◆ REQUIREMENT:
The job is to output exactly the lines that run from the start of the entries through the line containing "Kavč Delflou 102 (Over The Horizon 03)", pictures omitted.

START TASK DATA

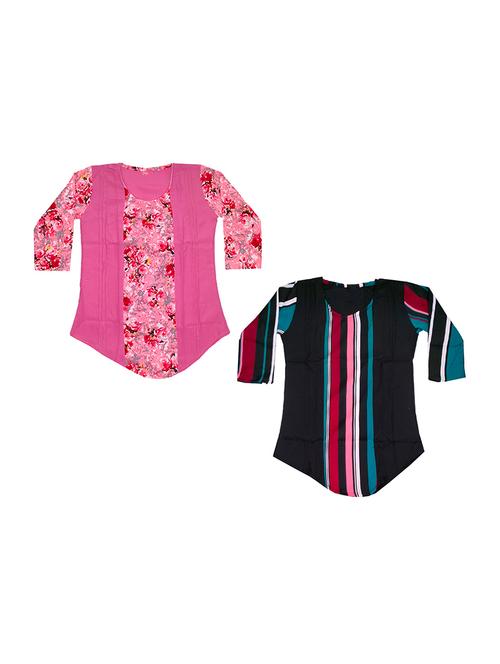 pack of 2 regular top - 19686780 - Very Small Image - 1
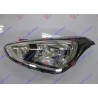 Φανάρι εμπρός αριστερό (H4/H7) Hyundai I10 (BA,IA) 2013-2019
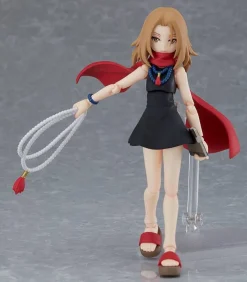 Shaman King - Anna Kyoyama Figma: Max Factory
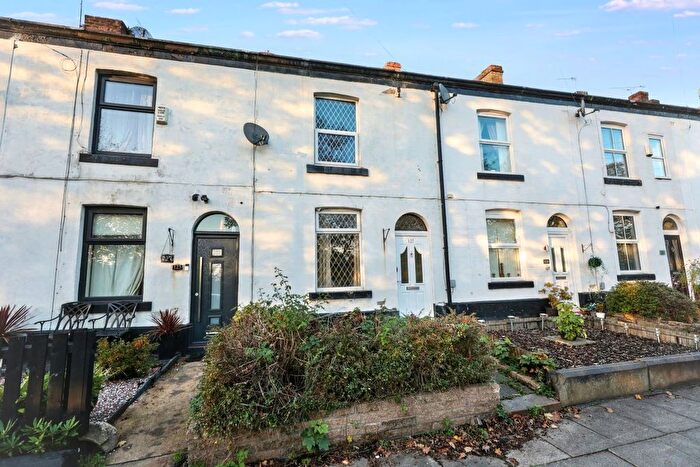 2 Bedroom Terraced House For Sale In Broad Oak Lane, Bury, Lancashire, BL9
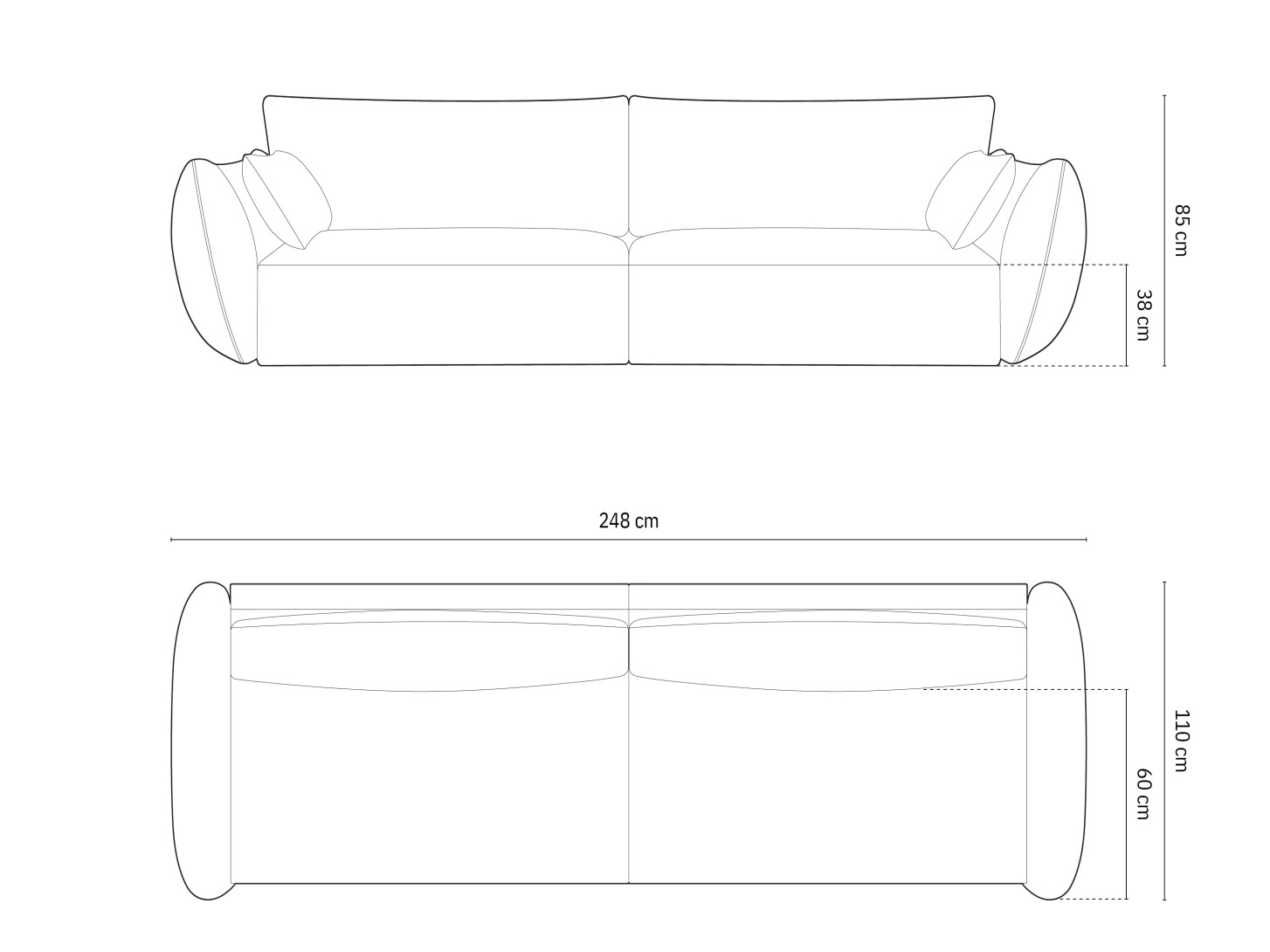 Kavč Delflou 102 (Over The Horizon 03)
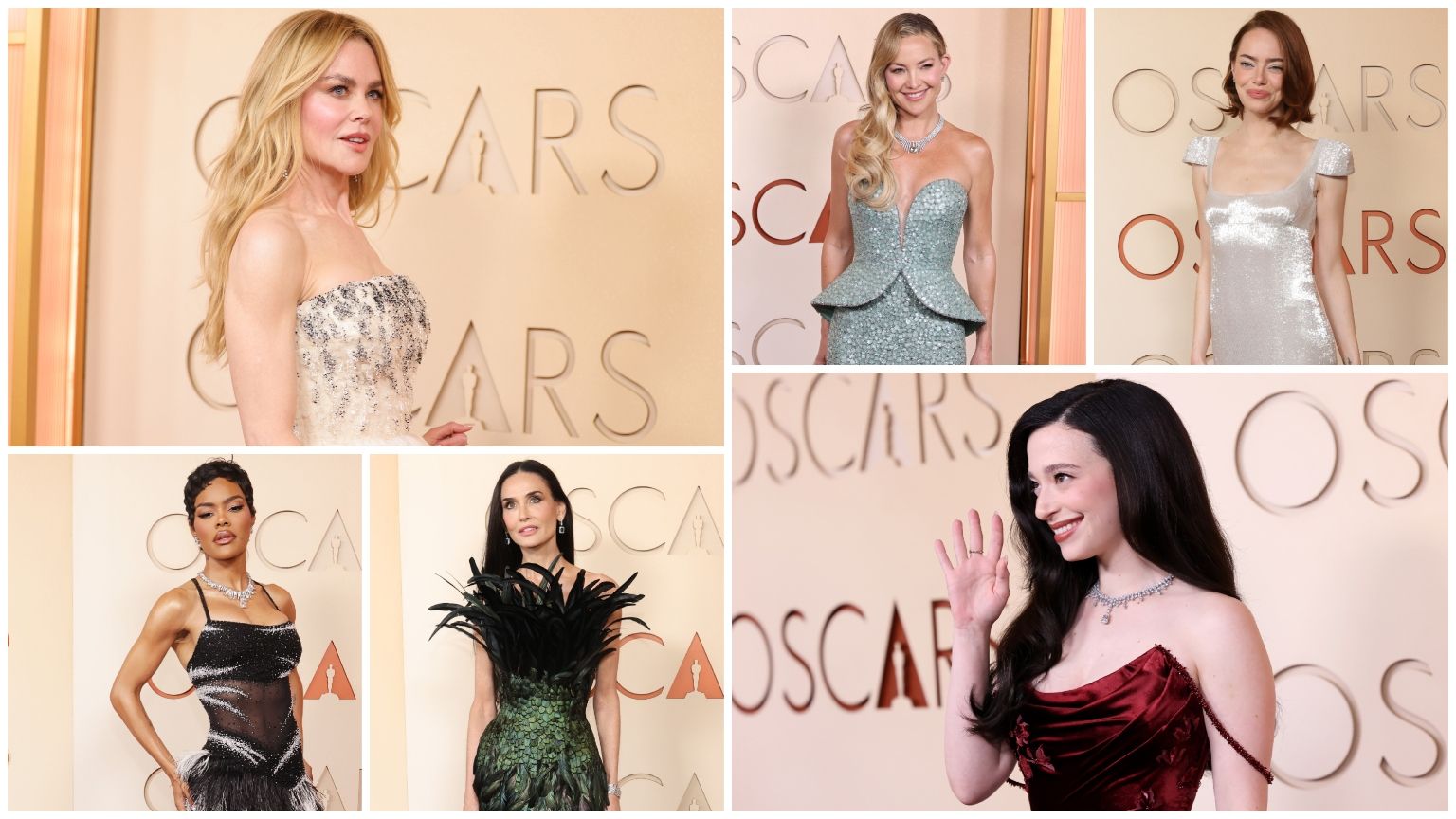 2026 Oscars actress style report cover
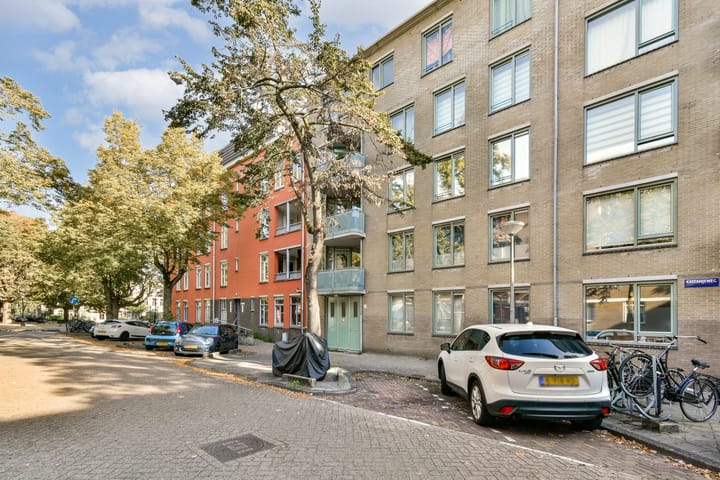 Kastanjeweg 35 in Amsterdam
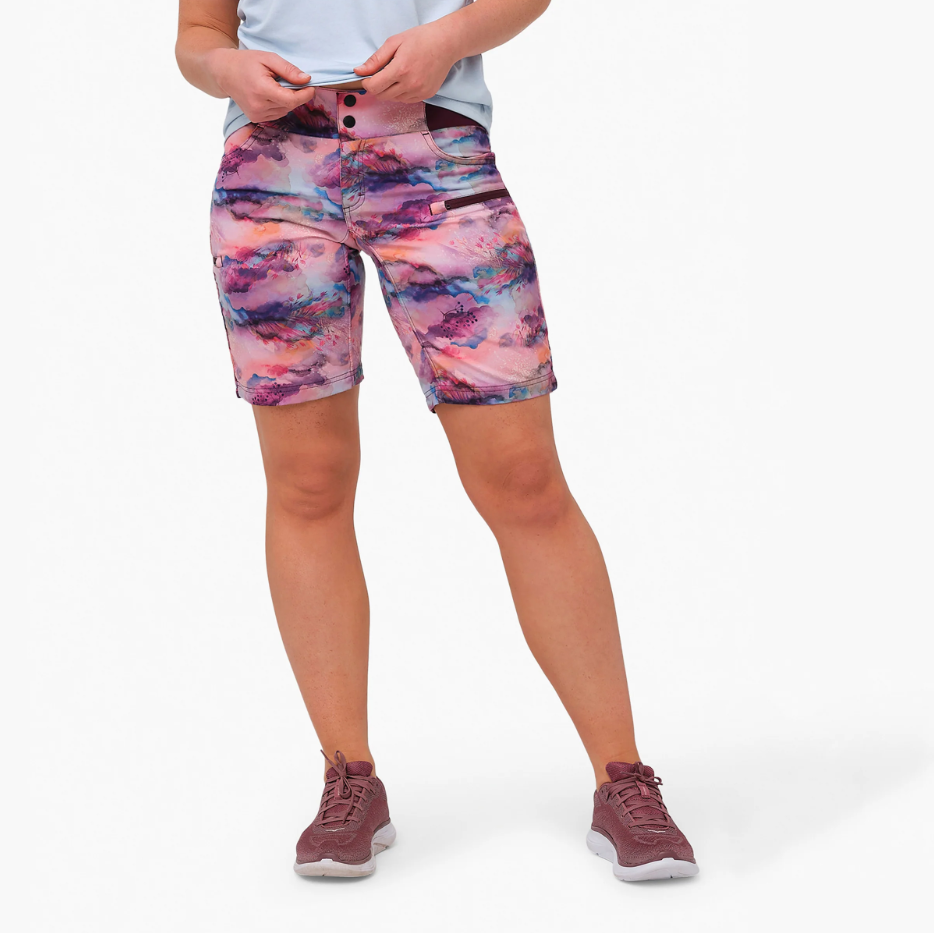 Shredly Shredly Women's MTB Shorts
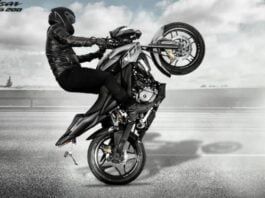 Bajaj Discover 125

END TASK DATA

◆ EXERCISE RESPONSE:
 pack of 2 regular top - 19686780 - Very Small Image - 1
 Φανάρι εμπρός αριστερό (H4/H7) Hyundai I10 (BA,IA) 2013-2019
 Shaman King - Anna Kyoyama Figma: Max Factory
 2 Bedroom Terraced House For Sale In Broad Oak Lane, Bury, Lancashire, BL9
 Kavč Delflou 102 (Over The Horizon 03)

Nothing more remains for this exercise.